Introduz-nos à cidade a longa Sanjo-dori, a principal rua comercial e a que conduz à sua zona histórica, onde se encontram quase todos os jardins e edifícios seculares.
De ambos os lados, sucedem-se estabelecimentos díspares. Um McDonalds que dá para uma loja de quimonos, que se opõe a uma casa de pachinko (jogo de sorte que viciou muitos japoneses) que, por sua vez, revela uma loja de conveniência e por aí fora, sem qualquer lógica temática ou visual.
Por coerência com a incoerência, a pé e de bicicleta, passa por nós gente de todas as idades, nacionalidades e tipos.
São assalariados locais prisioneiros de fatos escuros, rapazes e raparigas a gastar a sua derradeira liberdade teenager: elas, de mini-saia nos limites, botas de cano alto e gorro soviético ushanka; eles menos expostos ao frio, mas igualmente rendidos aos visuais ocidentalizados cool que enfeitam as montras.
Cruzam-se ainda bandos de estudantes estridentes, submetidos aos uniformes infantis das suas escolas e visitantes japoneses e estrangeiros sortidos, dos mochileiros desenrascados aos milionários aperaltados.
Massa de Pasteis e o Dar de Caras com a Nara Secular
Um aglomerado destas personagens assiste à produção tradicional de massa de chá verde, usada em vários tipos de bolos típicos japoneses, recheados com um creme adocicado de feijão.
Os protagonistas são dois pasteleiros munidos de marretas que martelam em alternância e com toda a força o conteúdo de uma tina e gritam em jeito militar, a cada movimento. A coreografia impressiona outros transeuntes que, aos poucos, se juntam à assistência.

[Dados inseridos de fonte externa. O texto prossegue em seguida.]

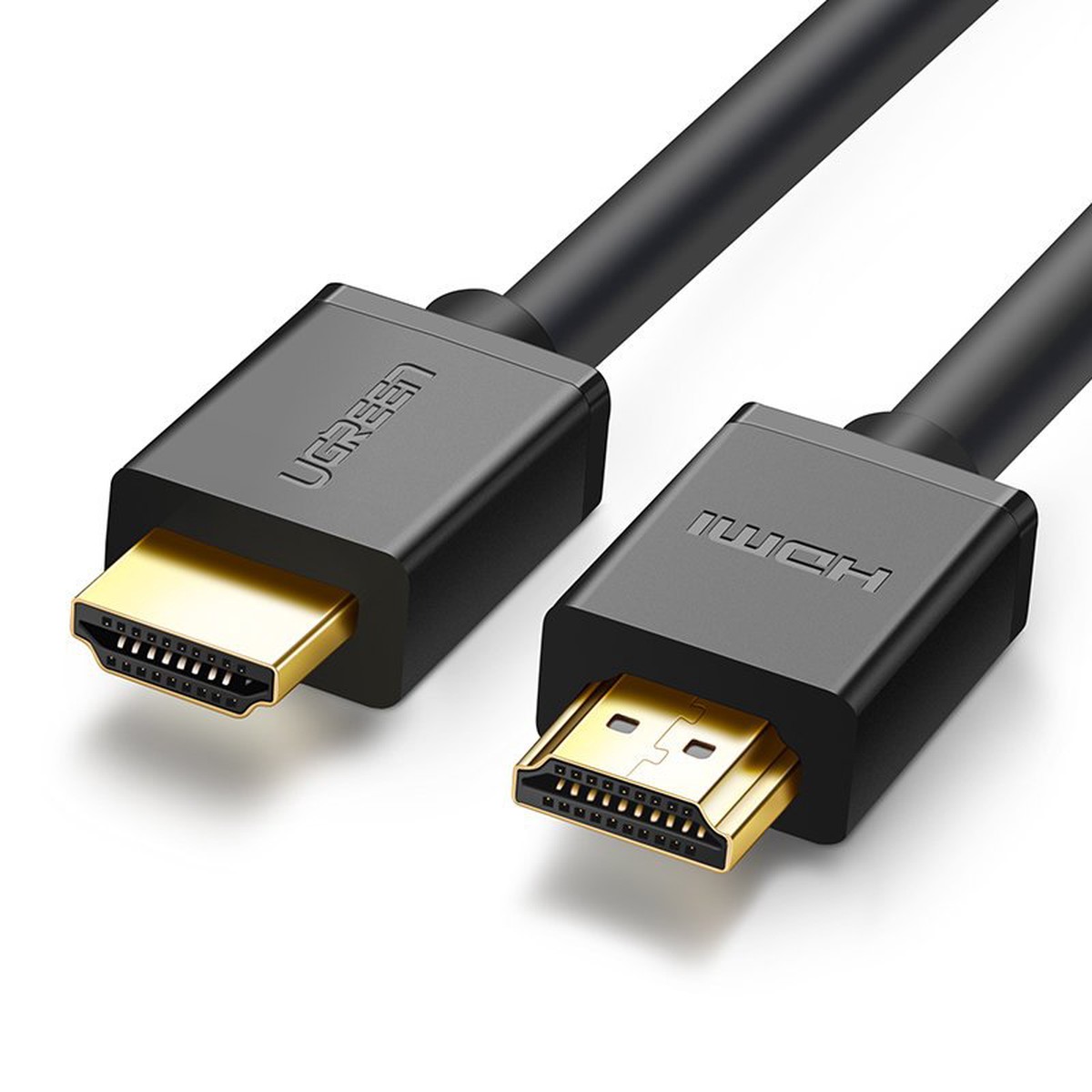 Cable de Video UGREEN HD104, HDMI - HDMI, 4K, 2m, Negro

Ao lado, as margens arredondadas do lago Sarusawano são um ponto de confluência natural para quem vem de fora. Ocupam-nas pintores e fotógrafos amadores hiper-equipados ou de máquina compacta em riste, estrategicamente posicionados face ao reflexo do pagode mais alto (50.1 m) do templo Kofuku-ji, outro dos destaques patrimoniais de Nara e antigo pretendente do título do mais elevado do Japão que perdeu, no entanto, para um rival de Quioto.
O Kofuku-ji actual – constituído apenas por quatro edifícios construídos posteriormente: os pagodes de três e cinco andares (goju-no-tou), a Casa do Tesouro e o Tokondo Hall – é uma parte ínfima dos cerca de 175 que o formavam no auge do seu esplendor e que desapareceram durante os 1300 anos que passaram desde o início da sua construção, datado de 710.
Apesar de diminuído, este é, ainda hoje, um dos principais templos japoneses da corrente budista Hosso, também conhecida por yuishiki, que defende que toda a existência é consciência e, como tal, que nada existe para lá da mente.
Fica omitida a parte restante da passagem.